After this discusssion he read para 17 and our amplification rather casually and stated he had no real objection our language. Said that he thought matter more less question of detail compared to importance of armistice itself, and had become even less important fol Vyshinsky’s speech yesterday.

Nehru stressed fact Ind UN del have been given wide powers develop Kor res as broadly and satisfactorily as possible. He stated final decision had to be in their hands because they more familiar than he with development in UN. He emphasized, however, he had no personal objection whatsoever our wording and that he wld recommend it to his del for their consideration and discussion with US del.

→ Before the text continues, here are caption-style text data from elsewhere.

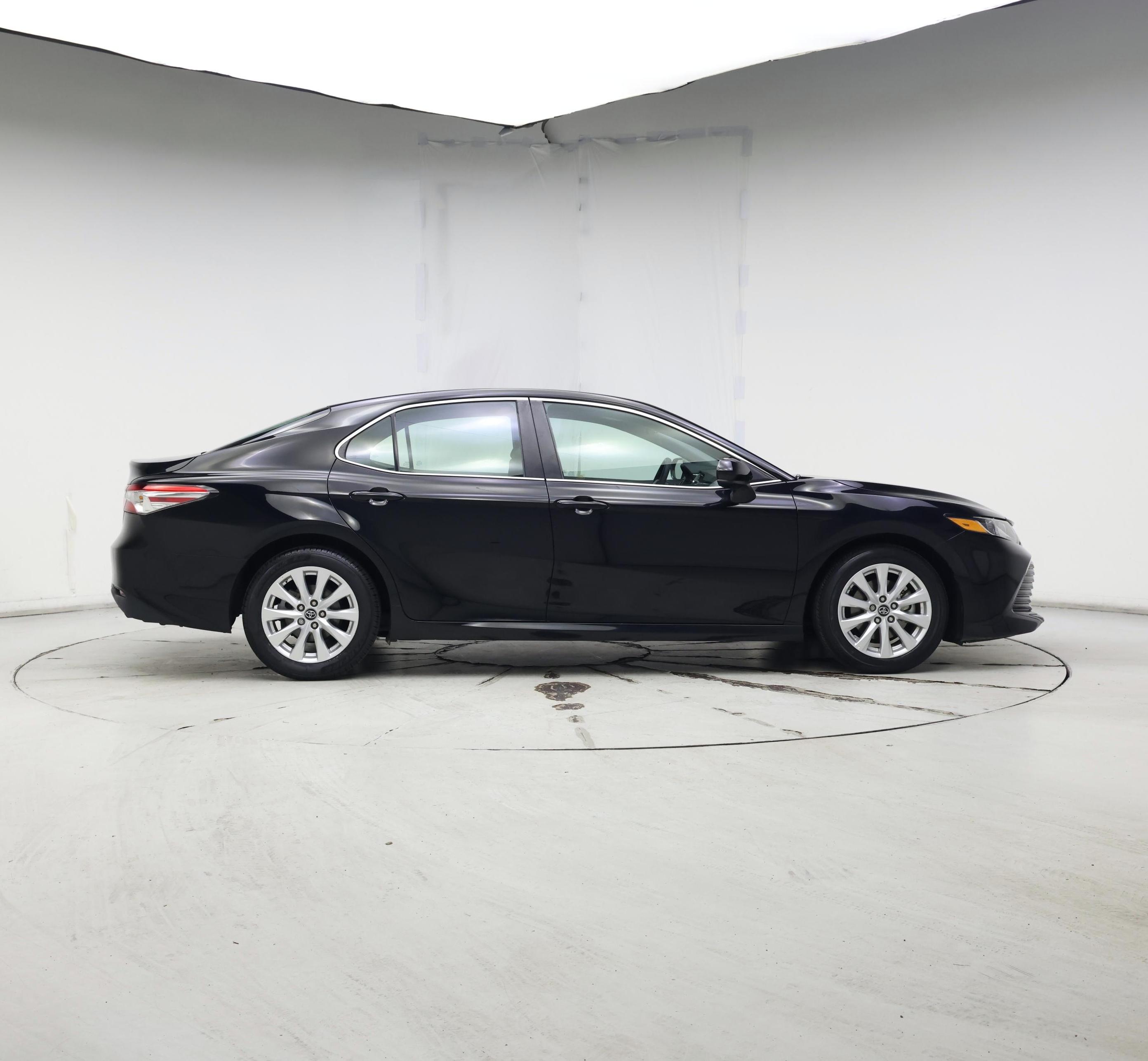 Thumbnail: 2018 Toyota Camry - 7
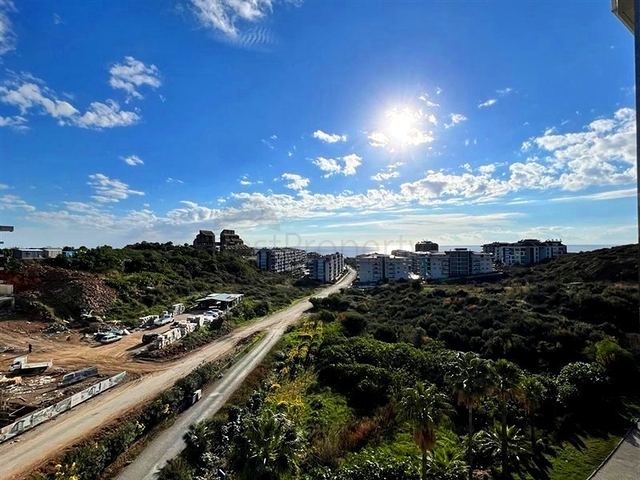 Two-bedroom apartment with designer furniture in Kestel district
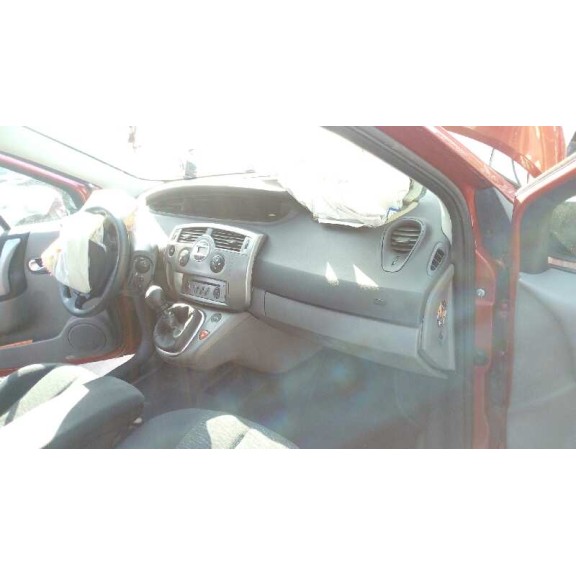 renault scenic ii del año 2007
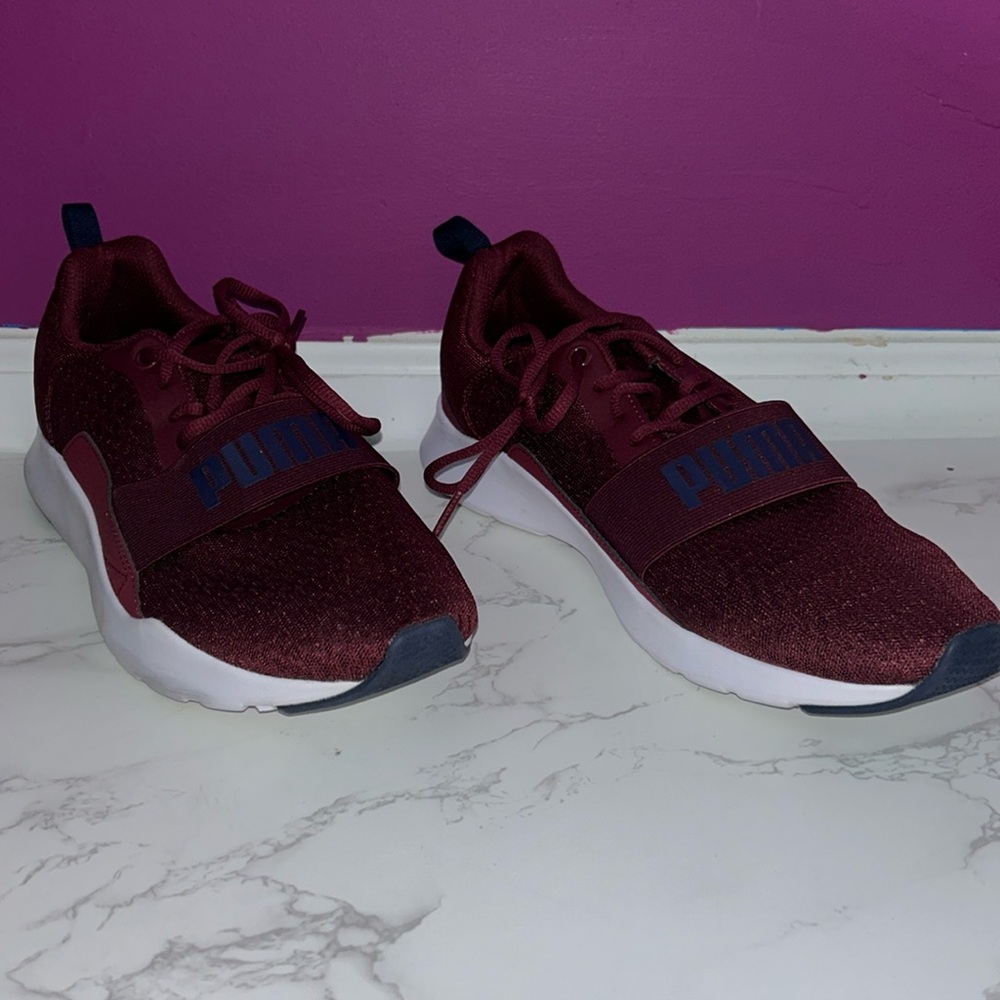 MENS Maroon Puma Casual Sneakers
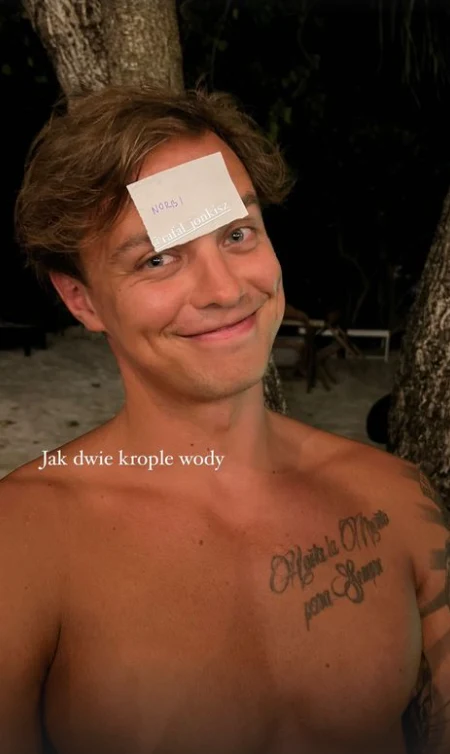 Rafał Jonkisz w grze został Norbim / Foto IG @madalena_yoga/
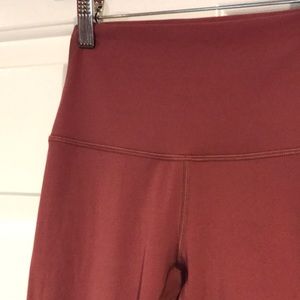 Lululemon 🍋Align 25” So Merlot EUC size 2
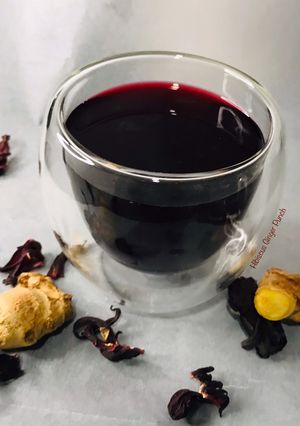 A picture of Hibiscus Punch.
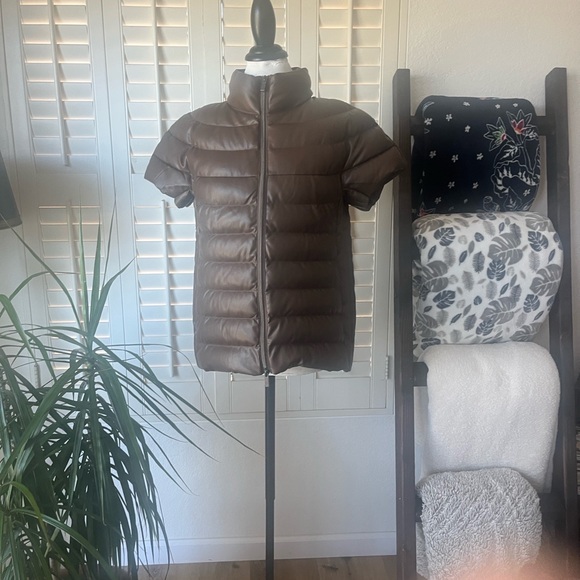 🍫 Martha Stewart Chocolate Brown Quilted Down Puffer Vest - Picture 5 of 8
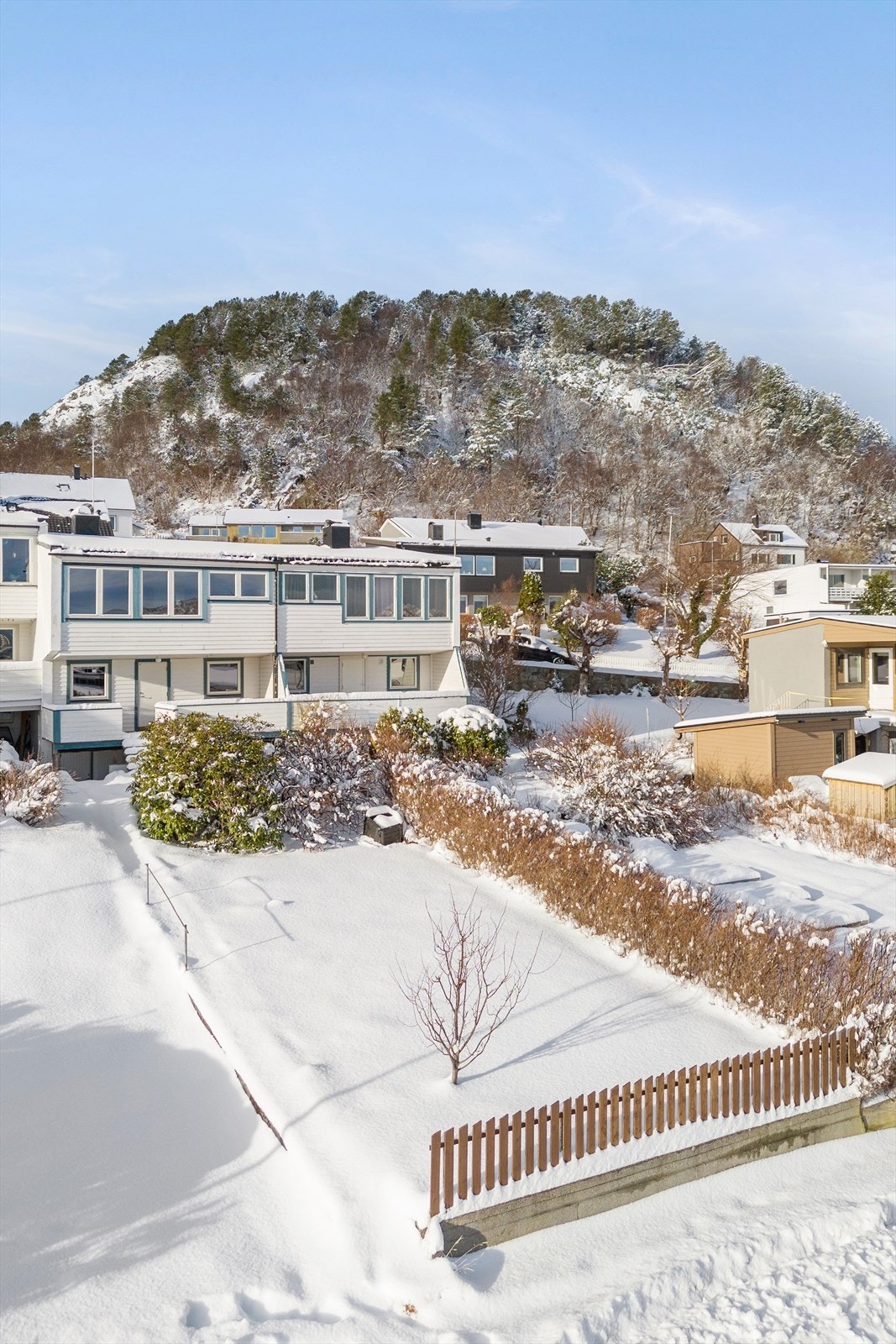 Eiendommen har veranda og stor hage mot øst. Galleribilde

It clearly evident that US and Ind have common desire achieve armistice Kor. We are virtually in agmt on UN res which is designed to achieve this objective.

Even tho Chi turn this res down, such a res in agmt with Ind and other independent nations will place us in very strong position here in Asia, and it will be clear to every one that Sov Union and Commie Chi have defied what amounts to world opinion.

However, there are only two reasons why Ind will continue to support the passage of this res on which we are working:

1.
Whatever hope she may have Chi will still accept res and effect armistice despite Vyshinsky’s speech.
2.
Fact she has become so involved it might now be embarrassing for her to abandon her position. However, these two factors can be blown out window in next two or three days either by negative msg from Peiping or by change of heart on the part of Nehru. We shld realize Ind has gone extraordinarily long distance our direction and indeed for first time is well on way to associating herself with us in opposition Sov Union and Chi on issue of crucial importance.

[Page 689]

Thus we believe every effort shld be made agree promptly on res and to secure its immed passage. If on top Vyshinsky’s speech word shld now come from Peiping that Chi Govt definitely will not accept this res or one similar to it, there is strong possibility if not probability that Ind Govt will pull out this whole situation, return to its usual neutralist position and that opportunity will have been lost. For this reason we believe speed is of the essence.

Bowles
  1. Telegram 1543 from New Delhi, Nov. 10, 1952, not printed. (991.61/10–1352)
  2. Telegram Delga 3 is printed as telegram Delga 252, p. 677; telegram Delga 4 is not printed, but see footnotes 2 and 3, pp. 678 and 679.
  3. Ante, p. 679.
  4. Fraser Wilkins, Counselor of Embassy at New Delhi.
  5. Presumably the reference was to the speech of Nov. 19; see UN document A/C.1/SR.525.
  6. The reference was to the speech of Nov. 24, 1952; see UN document A/C.1/SR.529.